![DSME-logo](./static/DSME_logo.png)

#  Reinforcement Learning and Learning-based Control

<p style="font-size:12pt";> 
<b> Prof. Dr. Sebastian Trimpe, Dr. Friedrich Solowjow </b><br>
<b> Institute for Data Science in Mechanical Engineering(DSME) </b><br>
<a href = "mailto:rllbc@dsme.rwth-aachen.de">rllbc@dsme.rwth-aachen.de</a><br>
</p>

---
Reinforce Implementation

Notebook Authors: Ramil Sabirov

## Library Imports

In [None]:
import os
import time
import random
import warnings
from datetime import datetime

import numpy as np
import matplotlib.pyplot as plt
from tqdm import notebook
from easydict import EasyDict as edict
from IPython.display import Video
import math

import utils.helper_fns as hf

import gym
import wandb
import torch
import torch.nn as nn
import torch.optim as optim
from torch.distributions.categorical import Categorical

warnings.filterwarnings("ignore", category=DeprecationWarning)

plt.rcParams['figure.dpi'] = 100
device = torch.device("cuda" if torch.cuda.is_available() else "cpu")

%load_ext autoreload
%autoreload 2

## Initializations

### Experiment Init

We primarily use dictionaries for initializing experiment parameters and training hyperparameters. We use the `EasyDict` (imported as `edict`) library, which allows us to access dict values as attributes while retaining the operations and properties of the original python `dict`! [[Github Link](https://github.com/makinacorpus/easydict)]

In this notebook we use a few `edicts` with `exp` being one of them. It is initialized in the following cell and has keys and values containing information about the experiment. Although the dict is initialized in this section, we keep adding new keys and values to the dict in the later sections as well.  

This notebook supports gym environments with observation space of type `gym.spaces.Box` and action space of type `gym.spaces.Discrete`. Eg: Acrobot-v1, CartPole-v1, MountainCar-v0

In [None]:
exp = edict()

exp.exp_name = 'REINFORCE'  # algorithm name, in this case it should be 'REINFORCE'
exp.env_id = 'CartPole-v1'  # name of the gym environment to be used in this experiment.

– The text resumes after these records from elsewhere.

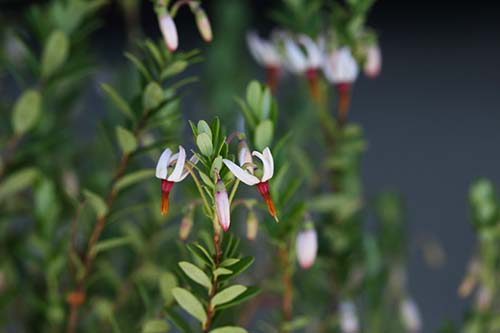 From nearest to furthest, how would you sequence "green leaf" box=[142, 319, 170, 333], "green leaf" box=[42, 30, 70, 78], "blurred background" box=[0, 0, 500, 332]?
"green leaf" box=[142, 319, 170, 333]
"green leaf" box=[42, 30, 70, 78]
"blurred background" box=[0, 0, 500, 332]

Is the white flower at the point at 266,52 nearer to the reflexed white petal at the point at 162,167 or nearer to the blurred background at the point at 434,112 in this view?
the reflexed white petal at the point at 162,167

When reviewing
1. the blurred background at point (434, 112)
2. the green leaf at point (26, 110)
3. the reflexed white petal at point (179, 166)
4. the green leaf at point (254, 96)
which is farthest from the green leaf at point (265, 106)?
the blurred background at point (434, 112)

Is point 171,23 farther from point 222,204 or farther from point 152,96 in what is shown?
point 222,204

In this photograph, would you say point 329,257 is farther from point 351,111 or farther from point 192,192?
point 351,111

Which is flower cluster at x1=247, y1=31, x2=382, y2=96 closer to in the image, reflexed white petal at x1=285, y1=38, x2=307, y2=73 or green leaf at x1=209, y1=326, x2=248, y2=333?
reflexed white petal at x1=285, y1=38, x2=307, y2=73

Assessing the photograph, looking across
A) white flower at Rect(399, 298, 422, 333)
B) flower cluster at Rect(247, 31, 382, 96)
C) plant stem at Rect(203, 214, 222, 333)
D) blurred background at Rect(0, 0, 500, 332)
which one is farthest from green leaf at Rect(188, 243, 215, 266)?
blurred background at Rect(0, 0, 500, 332)

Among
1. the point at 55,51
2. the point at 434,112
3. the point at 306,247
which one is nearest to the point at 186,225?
the point at 306,247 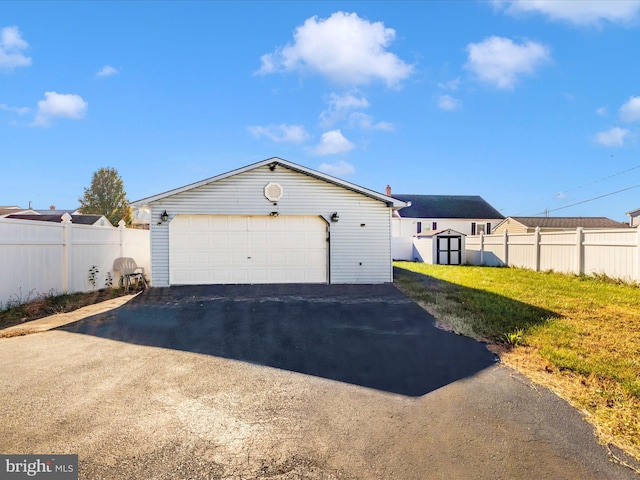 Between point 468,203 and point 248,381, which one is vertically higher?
point 468,203

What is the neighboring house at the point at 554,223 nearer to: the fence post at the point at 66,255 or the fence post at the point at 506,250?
the fence post at the point at 506,250

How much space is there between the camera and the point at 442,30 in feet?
36.6

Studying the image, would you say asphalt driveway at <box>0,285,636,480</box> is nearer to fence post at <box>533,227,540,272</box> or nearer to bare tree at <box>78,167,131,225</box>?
fence post at <box>533,227,540,272</box>

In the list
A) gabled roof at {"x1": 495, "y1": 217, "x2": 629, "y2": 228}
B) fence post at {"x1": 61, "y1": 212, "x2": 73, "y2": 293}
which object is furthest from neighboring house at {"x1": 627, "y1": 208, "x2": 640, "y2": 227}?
fence post at {"x1": 61, "y1": 212, "x2": 73, "y2": 293}

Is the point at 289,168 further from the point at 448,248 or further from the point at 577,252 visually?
the point at 448,248

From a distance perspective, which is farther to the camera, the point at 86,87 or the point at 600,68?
the point at 600,68

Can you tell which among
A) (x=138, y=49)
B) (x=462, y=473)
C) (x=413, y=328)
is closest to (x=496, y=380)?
(x=462, y=473)

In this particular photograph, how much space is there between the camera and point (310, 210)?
1145 cm

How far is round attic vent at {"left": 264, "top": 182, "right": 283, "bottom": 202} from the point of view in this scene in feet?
37.1

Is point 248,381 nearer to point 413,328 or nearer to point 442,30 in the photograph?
point 413,328

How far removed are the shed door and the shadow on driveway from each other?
11734 mm

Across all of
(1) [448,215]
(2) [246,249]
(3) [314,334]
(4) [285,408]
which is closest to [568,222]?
(1) [448,215]

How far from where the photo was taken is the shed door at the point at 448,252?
20.1 meters

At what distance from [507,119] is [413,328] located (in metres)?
18.0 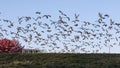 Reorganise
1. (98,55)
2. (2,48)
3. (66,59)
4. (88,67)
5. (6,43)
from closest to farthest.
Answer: (88,67) → (66,59) → (98,55) → (2,48) → (6,43)

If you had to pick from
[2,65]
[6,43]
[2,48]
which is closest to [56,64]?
[2,65]

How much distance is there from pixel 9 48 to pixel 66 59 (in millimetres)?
30405

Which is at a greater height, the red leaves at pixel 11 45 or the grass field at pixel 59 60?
the red leaves at pixel 11 45

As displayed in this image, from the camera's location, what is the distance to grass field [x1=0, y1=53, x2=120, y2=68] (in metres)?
24.7

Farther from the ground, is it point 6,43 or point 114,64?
point 6,43

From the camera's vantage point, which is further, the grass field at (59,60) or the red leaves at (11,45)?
the red leaves at (11,45)

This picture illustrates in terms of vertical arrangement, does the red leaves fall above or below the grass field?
above

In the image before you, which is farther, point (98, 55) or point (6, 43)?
point (6, 43)

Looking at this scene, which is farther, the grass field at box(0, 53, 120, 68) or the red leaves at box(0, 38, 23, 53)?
the red leaves at box(0, 38, 23, 53)

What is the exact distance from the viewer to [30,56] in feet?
91.7

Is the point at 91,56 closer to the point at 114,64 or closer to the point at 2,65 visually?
the point at 114,64

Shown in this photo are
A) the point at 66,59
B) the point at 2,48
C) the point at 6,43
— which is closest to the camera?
the point at 66,59

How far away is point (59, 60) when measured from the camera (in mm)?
26328

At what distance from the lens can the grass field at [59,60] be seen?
24672mm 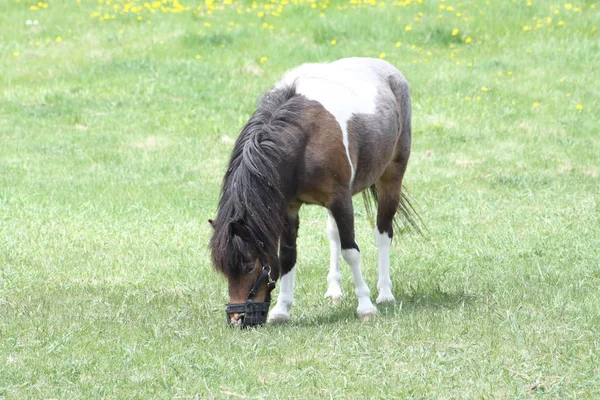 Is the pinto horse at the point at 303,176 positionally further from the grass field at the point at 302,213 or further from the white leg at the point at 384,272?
the grass field at the point at 302,213

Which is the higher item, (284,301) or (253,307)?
(253,307)

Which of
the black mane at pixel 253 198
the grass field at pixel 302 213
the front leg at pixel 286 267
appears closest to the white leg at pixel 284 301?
the front leg at pixel 286 267

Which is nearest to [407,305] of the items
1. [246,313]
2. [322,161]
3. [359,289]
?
[359,289]

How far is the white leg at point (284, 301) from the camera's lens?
631 cm

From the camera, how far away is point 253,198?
5684 mm

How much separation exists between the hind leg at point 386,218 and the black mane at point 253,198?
139cm

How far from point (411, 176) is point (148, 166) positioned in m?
3.09

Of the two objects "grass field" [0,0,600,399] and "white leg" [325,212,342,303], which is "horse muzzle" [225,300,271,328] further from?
"white leg" [325,212,342,303]

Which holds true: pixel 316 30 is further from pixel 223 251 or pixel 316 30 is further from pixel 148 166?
pixel 223 251

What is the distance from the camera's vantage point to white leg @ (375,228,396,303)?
693 cm

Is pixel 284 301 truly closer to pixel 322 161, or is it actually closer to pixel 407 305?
pixel 407 305

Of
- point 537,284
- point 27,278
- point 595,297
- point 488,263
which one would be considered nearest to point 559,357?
point 595,297

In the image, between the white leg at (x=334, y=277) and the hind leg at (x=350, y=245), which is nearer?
the hind leg at (x=350, y=245)

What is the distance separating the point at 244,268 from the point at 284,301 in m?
0.78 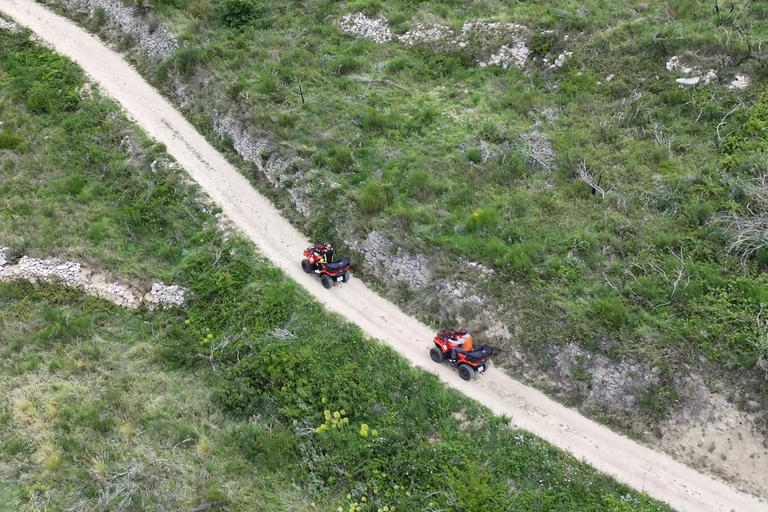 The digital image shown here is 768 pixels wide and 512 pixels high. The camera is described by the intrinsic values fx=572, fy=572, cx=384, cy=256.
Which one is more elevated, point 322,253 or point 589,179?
point 589,179

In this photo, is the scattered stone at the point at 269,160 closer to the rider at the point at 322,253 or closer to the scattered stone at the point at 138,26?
the rider at the point at 322,253

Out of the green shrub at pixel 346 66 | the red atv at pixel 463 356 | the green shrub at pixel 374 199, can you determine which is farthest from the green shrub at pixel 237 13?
the red atv at pixel 463 356

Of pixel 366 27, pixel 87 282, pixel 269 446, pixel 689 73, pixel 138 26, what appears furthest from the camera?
pixel 138 26

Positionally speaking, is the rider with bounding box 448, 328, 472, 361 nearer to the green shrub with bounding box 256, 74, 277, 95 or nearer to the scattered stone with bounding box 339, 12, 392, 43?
the green shrub with bounding box 256, 74, 277, 95

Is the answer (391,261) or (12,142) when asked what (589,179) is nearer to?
(391,261)

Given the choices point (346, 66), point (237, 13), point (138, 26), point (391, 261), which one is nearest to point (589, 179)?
point (391, 261)

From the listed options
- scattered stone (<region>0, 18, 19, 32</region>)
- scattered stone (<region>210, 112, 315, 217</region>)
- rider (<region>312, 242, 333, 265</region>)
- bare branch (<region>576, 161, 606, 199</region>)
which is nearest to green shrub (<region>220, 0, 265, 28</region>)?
scattered stone (<region>210, 112, 315, 217</region>)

Eg: Acrobot-v1, CartPole-v1, MountainCar-v0
exp.device = device.type  # save the device type used to load tensors and perform tensor operations

set_random_seed = True  # set random seed for reproducibility of python, numpy and torch
exp.seed = 2

# name of the project in Weights & Biases (wandb) to which logs are patched. (only if wandb logging is enabled)
# if the project does not exist in wandb, it will be created automatically
wandb_prj_name = f"RLLBC_{exp.env_id}"

# name prefix of output files generated by the notebook
exp.run_name = f"{exp.env_id}__{exp.exp_name}__{exp.seed}__{datetime.now().strftime('%y%m%d_%H%M%S')}"

if set_random_seed:
    random.seed(exp.seed)
    np.random.seed(exp.seed)
    torch.manual_seed(exp.seed)
    torch.backends.cudnn.deterministic = set_random_seed

### Agent Model Class

The `Agent` class consists of a deep MLP policy that is trained during training. The network takes as input the representation of the state, passes it through several hidden layers, and finally evaluates to a probability distribution over all actions with the `softmax` function.

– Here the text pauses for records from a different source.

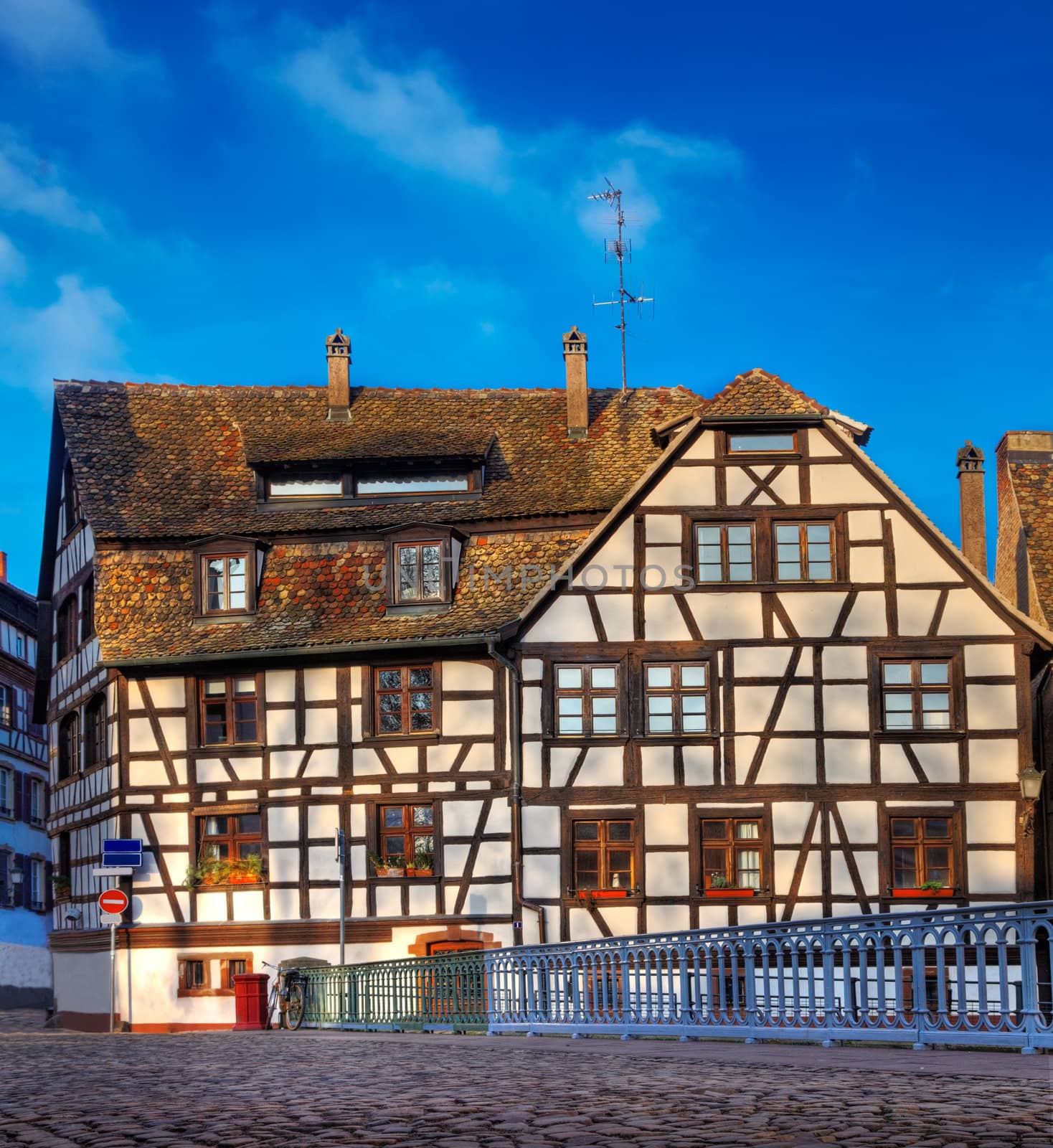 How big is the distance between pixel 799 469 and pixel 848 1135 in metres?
23.2

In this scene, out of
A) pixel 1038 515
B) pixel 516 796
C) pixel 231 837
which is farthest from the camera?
pixel 1038 515

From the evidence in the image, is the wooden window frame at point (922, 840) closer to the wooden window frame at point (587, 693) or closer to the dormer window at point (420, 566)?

The `Agent` class has two methods:
1. `get_action_and_logprob` evaluates the network and samples an action from the resulting probability distribution. It also returns the logarithm of the action probability $\log \pi(a_t| s_t)$ which is used for obtaining gradient estimates for training.

2. `get_action` evaluates the network to the probability distribution and either samples an action from that distribution (greedy = false) or returns the action with the maximal probability (greedy = true).

In [None]:
class Agent(nn.Module):
    def __init__(self, env):
        super().__init__()
        self.network = nn.Sequential(
            nn.Linear(np.array(env.observation_space.shape).prod(), 64),
            nn.ReLU(),
            nn.Linear(64, 64),
            nn.ReLU(),
            nn.Linear(64, env.action_space.n),
            nn.Softmax(dim=-1)
        )

    def get_action_and_logprob(self, x):

        action_probs = self.network(x)
        probs = Categorical(probs=action_probs)
        action = probs.sample()

        return action, probs.log_prob(action)

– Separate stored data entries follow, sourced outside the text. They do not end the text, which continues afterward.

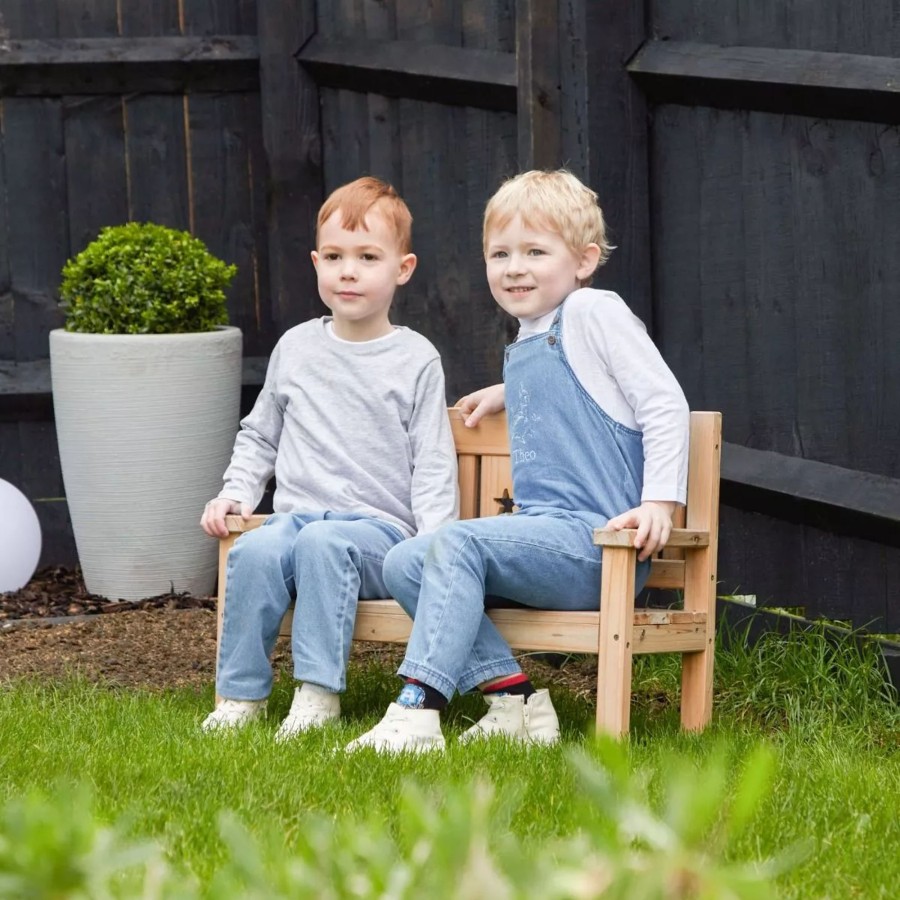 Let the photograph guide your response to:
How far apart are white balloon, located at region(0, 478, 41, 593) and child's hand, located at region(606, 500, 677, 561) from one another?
278 cm

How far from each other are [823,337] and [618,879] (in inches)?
123

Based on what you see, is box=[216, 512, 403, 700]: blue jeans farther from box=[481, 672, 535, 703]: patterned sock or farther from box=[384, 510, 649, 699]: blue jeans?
box=[481, 672, 535, 703]: patterned sock

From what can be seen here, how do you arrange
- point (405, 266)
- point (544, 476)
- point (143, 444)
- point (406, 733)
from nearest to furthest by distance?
point (406, 733)
point (544, 476)
point (405, 266)
point (143, 444)

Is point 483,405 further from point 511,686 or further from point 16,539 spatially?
point 16,539

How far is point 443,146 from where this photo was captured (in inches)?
206

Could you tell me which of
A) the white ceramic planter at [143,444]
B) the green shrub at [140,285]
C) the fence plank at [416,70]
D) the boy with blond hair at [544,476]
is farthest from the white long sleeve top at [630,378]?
the green shrub at [140,285]

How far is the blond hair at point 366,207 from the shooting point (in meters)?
3.67

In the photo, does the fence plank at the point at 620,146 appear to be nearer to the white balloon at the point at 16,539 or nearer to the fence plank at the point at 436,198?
→ the fence plank at the point at 436,198

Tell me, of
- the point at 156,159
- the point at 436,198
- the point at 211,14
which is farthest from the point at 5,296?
the point at 436,198

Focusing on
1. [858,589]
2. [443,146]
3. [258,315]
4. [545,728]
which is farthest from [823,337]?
[258,315]

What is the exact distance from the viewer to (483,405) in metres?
3.79

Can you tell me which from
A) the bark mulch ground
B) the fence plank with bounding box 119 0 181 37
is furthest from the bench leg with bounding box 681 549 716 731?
the fence plank with bounding box 119 0 181 37

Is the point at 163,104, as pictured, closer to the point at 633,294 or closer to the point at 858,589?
the point at 633,294

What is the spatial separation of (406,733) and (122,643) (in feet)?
6.18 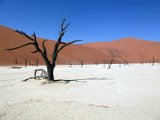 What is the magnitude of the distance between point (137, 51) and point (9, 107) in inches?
4886

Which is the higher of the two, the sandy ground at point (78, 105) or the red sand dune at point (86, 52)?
the red sand dune at point (86, 52)

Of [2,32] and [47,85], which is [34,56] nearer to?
[2,32]

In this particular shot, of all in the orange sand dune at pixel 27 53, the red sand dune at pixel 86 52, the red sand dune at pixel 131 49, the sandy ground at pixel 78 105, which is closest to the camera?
the sandy ground at pixel 78 105

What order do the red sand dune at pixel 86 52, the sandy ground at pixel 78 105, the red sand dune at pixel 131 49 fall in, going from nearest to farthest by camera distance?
the sandy ground at pixel 78 105, the red sand dune at pixel 86 52, the red sand dune at pixel 131 49

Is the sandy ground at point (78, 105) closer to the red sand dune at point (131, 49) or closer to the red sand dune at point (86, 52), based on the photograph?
the red sand dune at point (86, 52)

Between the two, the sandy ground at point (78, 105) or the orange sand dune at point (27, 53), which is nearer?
the sandy ground at point (78, 105)

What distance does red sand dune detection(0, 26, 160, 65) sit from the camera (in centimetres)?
6575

    def get_action(self, x, greedy=False):
        action_probs = self.network(x)

        if greedy:
            action = action_probs.argmax(dim=1)
        else:
            probs = Categorical(probs=action_probs)
            action = probs.sample()

        return action


### Agent Hyperparams & Training Params Init
The second dictionary, `hypp`, is initialized in the following cell. It has keys and values containing the hyperparameters necessary to the algorithm.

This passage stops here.